The Cancer coin belongs to a set of 13 coins that depict astrological signs. The twelve depict one astrological sign each, while the 13th depicts the entire zodiac, said Lior Sandberg, a coin expert at the IAA. The Times of Israel (opens in new tab).
“Israel’s Mediterranean shores and waters have yielded many archaeological sites and finds that attest to ancient connections between Mediterranean ports and their countries,” Sharvit said in the statement.
The coin flipped itself partly green through the ages; bronze is made of tin and copper, and when the copper is exposed to oxygen and water, it forms an oxide layer, Live Science previously reported. This layer gets thicker over time until the copper beneath the layer is no longer exposed to air and can no longer react to it.

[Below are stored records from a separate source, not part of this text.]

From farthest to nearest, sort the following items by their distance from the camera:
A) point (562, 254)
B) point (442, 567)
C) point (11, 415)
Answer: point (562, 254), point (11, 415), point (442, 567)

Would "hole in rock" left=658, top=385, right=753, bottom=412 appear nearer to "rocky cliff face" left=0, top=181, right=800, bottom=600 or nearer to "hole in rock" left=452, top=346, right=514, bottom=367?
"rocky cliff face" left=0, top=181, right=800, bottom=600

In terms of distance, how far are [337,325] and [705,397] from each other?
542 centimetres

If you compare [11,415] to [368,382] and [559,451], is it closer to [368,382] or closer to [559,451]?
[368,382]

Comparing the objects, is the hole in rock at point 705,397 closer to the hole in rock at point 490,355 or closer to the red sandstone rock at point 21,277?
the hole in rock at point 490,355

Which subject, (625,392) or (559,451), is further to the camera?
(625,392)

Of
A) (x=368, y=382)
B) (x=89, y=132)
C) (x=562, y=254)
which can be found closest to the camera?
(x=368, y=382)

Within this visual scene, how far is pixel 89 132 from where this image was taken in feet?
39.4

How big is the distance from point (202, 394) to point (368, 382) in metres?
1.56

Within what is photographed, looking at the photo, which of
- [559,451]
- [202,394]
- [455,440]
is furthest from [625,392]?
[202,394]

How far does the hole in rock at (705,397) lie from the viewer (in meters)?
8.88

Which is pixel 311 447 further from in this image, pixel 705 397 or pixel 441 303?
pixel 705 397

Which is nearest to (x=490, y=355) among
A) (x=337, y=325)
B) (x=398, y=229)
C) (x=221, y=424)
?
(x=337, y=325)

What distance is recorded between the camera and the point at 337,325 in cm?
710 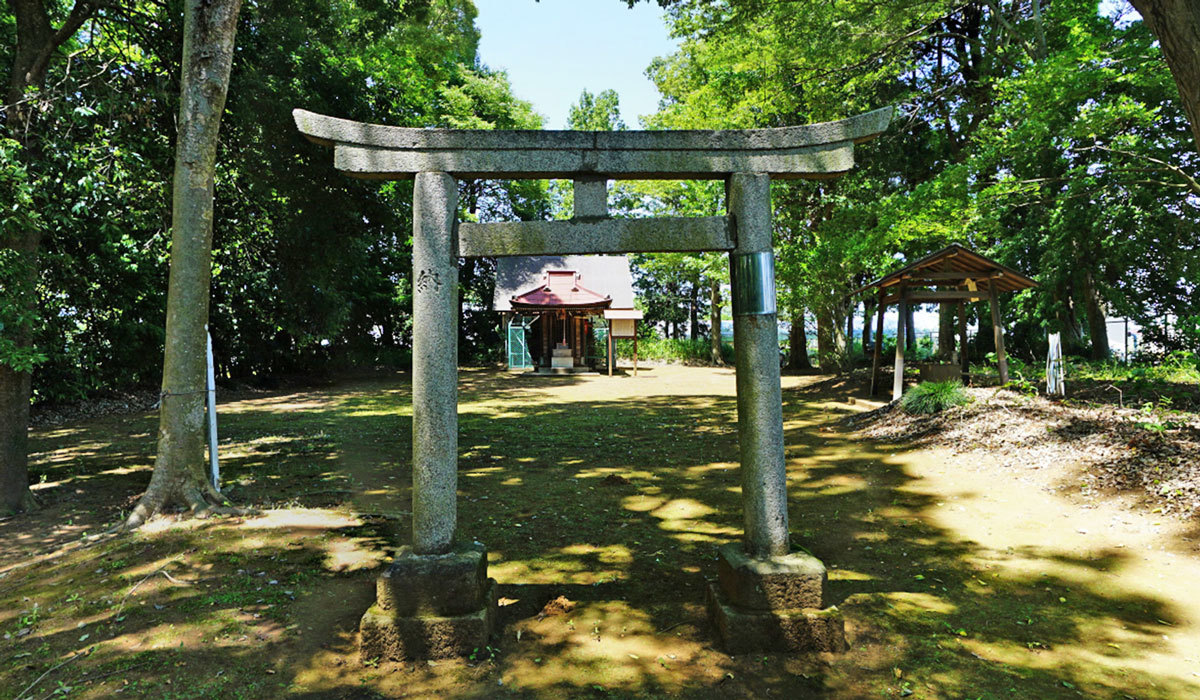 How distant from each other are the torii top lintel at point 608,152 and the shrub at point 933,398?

“As the oxide film matures and takes on more color, it will begin to rise [change]ranging from yellow-reds, blues and up to a greenish color,” Paul Fraile, advanced senior engineer for corrosion treatments at Suez Water Technologies & Solutions in Pennsylvania, previously told Live Science.
“These finds, which were lost at sea and out of sight for hundreds and thousands of years, were extremely well preserved,” Sharvit said. “Some are extremely rare and their discovery adds pieces to the historical puzzle of the country’s past.”